Однажды в откровенном разговоре архимандрит Игнатий выразил графу свою скорбь, что в Синоде развито взяточничество, развита симония, так что всякое дело, чтоб шло успешно, непременно должно быть оплачено. Граф вспыхнул, потребовал доказательств. Архимандрит не остановился привести их. Затем один из учеников архимандрита Игнатия, движимый завистью, донес Протасову, что архимандрит намерен гласно обличить его, Протасова, в превышении и злоупотреблении своей властью, тот поверил, и завязались надолго неприязненные отношения между тем и другим.
Когда шла речь о назначении на Варшавскую епархию епископа, который бы соответствовал требованиям этой страны, то государь сказал графу, что у него есть человек на это место, и указал на архимандрита Игнатия. Протасов ответил, что он молод еще, между тем, стал действовать решительно и сумел отклонить это назначение. Обстоятельство разговоров за обедом у Баранта докладывал он не по постановлению Синода, которому передал только высочайшее повеление к исполнению.

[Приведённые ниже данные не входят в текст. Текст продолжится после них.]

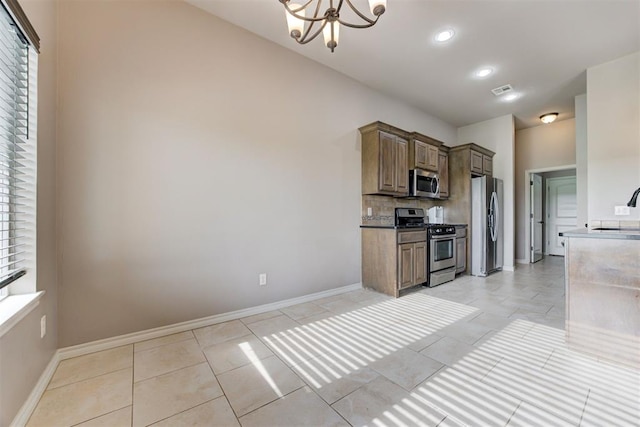 7720 Hawk Ln, Guthrie, OK 73044 - kitchen featuring appliances with stainless steel finishes, a sink, a chandelier, decorative backsplash, and light tile patterned floors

Нельзя не верить молве, что впоследствии состоявшееся постановление Синода о том, чтобы не возводить в сан епископа лиц, не кончивших курса наук в одной из Духовных академий, имело исключительной целью заградить эту дорогу архимандриту Игнатию.
В то же лето необходимость заставила митрополита спросить у государя, можно ли архимандриту Игнатию выезжать из монастыря своего для объезда монастырей епархии по его должности благочинного. Государь ответил, что он ему не запрещает бывать везде, когда того требует нужда или обязанности, лежащие на нем по его служебной деятельности. С тех пор архимандрит стал пользоваться прежним правом выезда из монастыря. Но так как это разрешение было дано и объявлено на словах, а воспрещение существовало на бумаге и в форме высочайшего повеления, то недоброжелатели приберегали этот документ и не преминули воспользоваться им при удобном случае, который вскоре и представился.

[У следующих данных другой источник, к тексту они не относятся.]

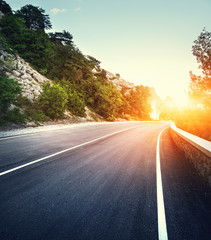 Wall Mural - asphalt road with instagram toning. landscape with mountain road with a perfect asphalt at sunset in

По смерти митрополита Серафима его место заступил митрополит Антоний[105]
. Ему показали эту бумагу и уверили, что она имеет ту же первоначальную силу. Это злоумышление обнаружилось следующим образом. С. — Петербургский военный генерал — губернатор Кавелин пригласил митрополита освятить его домовую церковь и архимандрита Игнатия в числе сослужащих митрополиту. Тогда преосвященный Антоний объявил Кавелину, что сергиевский архимандрит не может быть у него в доме по вышеуказанной причине.Кавелин разъяснил все дело: он изложил все обстоятельства государю, и его величество тогда же лично объявил митрополиту в присутствии всех собравшихся у Кавелина, что он, «желая только охранить архимандрита и сберечь его, поступил так, а если это его распоряжение кем иначе принято, то значит, его не поняли», и тут же всем рассказал, как он давно знает и любит архимандрита Игнатия, потому что он всегда стоил и стоит этого.
Живя на Бабайках, преосвященный Игнатий передавал своему брату Петру Александровичу, что вскоре затем обстоятельства потребовали представиться ему лично государю в Зимнем дворце. «Я вошел в залу, — говорил преосвященный, — и увидал чрез две залы, в дверях третьей, самого государя, который стоял и, грозя мне указательным пальцем поднятой кверху руки, смотрел на меня столь гневно, что, делая ему поклон, я стал мысленно молить Господа помиловать меня в будущей жизни, когда здесь на земле я обвиняюсь в том, в чем не виноват, и наказуюсь без помилования. Пройдя следующую половину залы, я, по обычаю, опять поклонился — лицо государя стало изменяться, и когда после двух еще обычных поклонов я приблизился к нему, то он обнял меня, с великою милостию отнесся ко мне и отпустил меня так неожиданно благосклонно, что мне стало даже страшно, что я по малодушию своему дерзнул молить Господа о земном помиловании, которое с такою очевидностию и быстротою было даровано мне. Тут положил я себе завет впредь не дерзать молить Господа ни о какой земной отраде».
Глава Х
Любовь к служению иночеству собственным примером и писаниями в архимандрите Игнатии была благодатным даром, возращенным в нем судьбами Божиими. Промысл Божий с самого раннего детства обставил его в доме родительском так, что независимо от направления воспитания и классического образования, которое тщались дать ему родители, самое это тщание, главным образом, повлияло на развитие любви к жизни внимательно — духовной и к безмолвию. Пятнадцати лет, т. е., кончая курс наук приготовительных в доме родителей, он уже ощутил благодатное пришествие мира духовного. «Несказанная тишина, — говорит он в „Плаче“ своем, — возвеяла в уме и сердце моем. Но я не понимал ее, я полагал, что это — обыкновенное состояние всех человеков».[106]